- EXERCISE INSTRUCTIONS:
Extract every line of the material below and reproduce it faithfully.

-- SOURCE MATERIAL follows --

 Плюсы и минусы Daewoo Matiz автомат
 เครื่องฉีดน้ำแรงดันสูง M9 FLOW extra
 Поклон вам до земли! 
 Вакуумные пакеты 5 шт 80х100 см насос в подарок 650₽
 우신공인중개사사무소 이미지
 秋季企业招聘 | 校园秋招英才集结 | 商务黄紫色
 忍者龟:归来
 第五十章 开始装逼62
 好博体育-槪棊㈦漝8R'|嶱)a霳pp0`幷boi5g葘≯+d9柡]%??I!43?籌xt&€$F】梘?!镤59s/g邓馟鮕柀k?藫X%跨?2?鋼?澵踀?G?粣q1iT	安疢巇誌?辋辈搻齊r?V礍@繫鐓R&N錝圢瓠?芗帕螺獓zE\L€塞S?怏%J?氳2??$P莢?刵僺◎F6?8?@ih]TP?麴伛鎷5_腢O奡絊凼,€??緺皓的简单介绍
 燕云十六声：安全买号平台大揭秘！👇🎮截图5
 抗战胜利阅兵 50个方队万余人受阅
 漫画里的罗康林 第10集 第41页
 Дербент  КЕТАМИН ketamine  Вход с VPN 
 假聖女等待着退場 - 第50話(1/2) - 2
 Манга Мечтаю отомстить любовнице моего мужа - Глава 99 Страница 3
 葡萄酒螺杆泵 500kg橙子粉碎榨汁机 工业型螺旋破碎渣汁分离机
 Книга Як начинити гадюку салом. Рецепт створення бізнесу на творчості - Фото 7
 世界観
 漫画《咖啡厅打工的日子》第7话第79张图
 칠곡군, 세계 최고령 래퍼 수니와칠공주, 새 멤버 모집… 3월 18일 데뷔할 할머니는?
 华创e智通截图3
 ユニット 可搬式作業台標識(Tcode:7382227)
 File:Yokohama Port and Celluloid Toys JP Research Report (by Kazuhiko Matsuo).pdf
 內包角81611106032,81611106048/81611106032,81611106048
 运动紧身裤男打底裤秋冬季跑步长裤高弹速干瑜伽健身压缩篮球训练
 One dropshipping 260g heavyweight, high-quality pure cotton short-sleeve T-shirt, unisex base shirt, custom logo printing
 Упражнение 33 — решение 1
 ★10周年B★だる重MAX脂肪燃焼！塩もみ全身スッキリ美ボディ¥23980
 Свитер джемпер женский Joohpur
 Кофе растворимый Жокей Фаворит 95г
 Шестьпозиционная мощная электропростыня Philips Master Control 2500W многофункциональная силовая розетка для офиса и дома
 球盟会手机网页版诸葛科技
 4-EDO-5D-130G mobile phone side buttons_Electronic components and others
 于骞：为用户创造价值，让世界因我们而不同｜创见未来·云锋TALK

-- SOURCE MATERIAL concluded --

- WORKED SOLUTION:
 Плюсы и минусы Daewoo Matiz автомат
 เครื่องฉีดน้ำแรงดันสูง M9 FLOW extra
 Поклон вам до земли! 
 Вакуумные пакеты 5 шт 80х100 см насос в подарок 650₽
 우신공인중개사사무소 이미지
 秋季企业招聘 | 校园秋招英才集结 | 商务黄紫色
 忍者龟:归来
 第五十章 开始装逼62
 好博体育-槪棊㈦漝8R'|嶱)a霳pp0`幷boi5g葘≯+d9柡]%??I!43?籌xt&€$F】梘?!镤59s/g邓馟鮕柀k?藫X%跨?2?鋼?澵踀?G?粣q1iT	安疢巇誌?辋辈搻齊r?V礍@繫鐓R&N錝圢瓠?芗帕螺獓zE\L€塞S?怏%J?氳2??$P莢?刵僺◎F6?8?@ih]TP?麴伛鎷5_腢O奡絊凼,€??緺皓的简单介绍
 燕云十六声：安全买号平台大揭秘！👇🎮截图5
 抗战胜利阅兵 50个方队万余人受阅
 漫画里的罗康林 第10集 第41页
 Дербент  КЕТАМИН ketamine  Вход с VPN 
 假聖女等待着退場 - 第50話(1/2) - 2
 Манга Мечтаю отомстить любовнице моего мужа - Глава 99 Страница 3
 葡萄酒螺杆泵 500kg橙子粉碎榨汁机 工业型螺旋破碎渣汁分离机
 Книга Як начинити гадюку салом. Рецепт створення бізнесу на творчості - Фото 7
 世界観
 漫画《咖啡厅打工的日子》第7话第79张图
 칠곡군, 세계 최고령 래퍼 수니와칠공주, 새 멤버 모집… 3월 18일 데뷔할 할머니는?
 华创e智通截图3
 ユニット 可搬式作業台標識(Tcode:7382227)
 File:Yokohama Port and Celluloid Toys JP Research Report (by Kazuhiko Matsuo).pdf
 內包角81611106032,81611106048/81611106032,81611106048
 运动紧身裤男打底裤秋冬季跑步长裤高弹速干瑜伽健身压缩篮球训练
 One dropshipping 260g heavyweight, high-quality pure cotton short-sleeve T-shirt, unisex base shirt, custom logo printing
 Упражнение 33 — решение 1
 ★10周年B★だる重MAX脂肪燃焼！塩もみ全身スッキリ美ボディ¥23980
 Свитер джемпер женский Joohpur
 Кофе растворимый Жокей Фаворит 95г
 Шестьпозиционная мощная электропростыня Philips Master Control 2500W многофункциональная силовая розетка для офиса и дома
 球盟会手机网页版诸葛科技
 4-EDO-5D-130G mobile phone side buttons_Electronic components and others
 于骞：为用户创造价值，让世界因我们而不同｜创见未来·云锋TALK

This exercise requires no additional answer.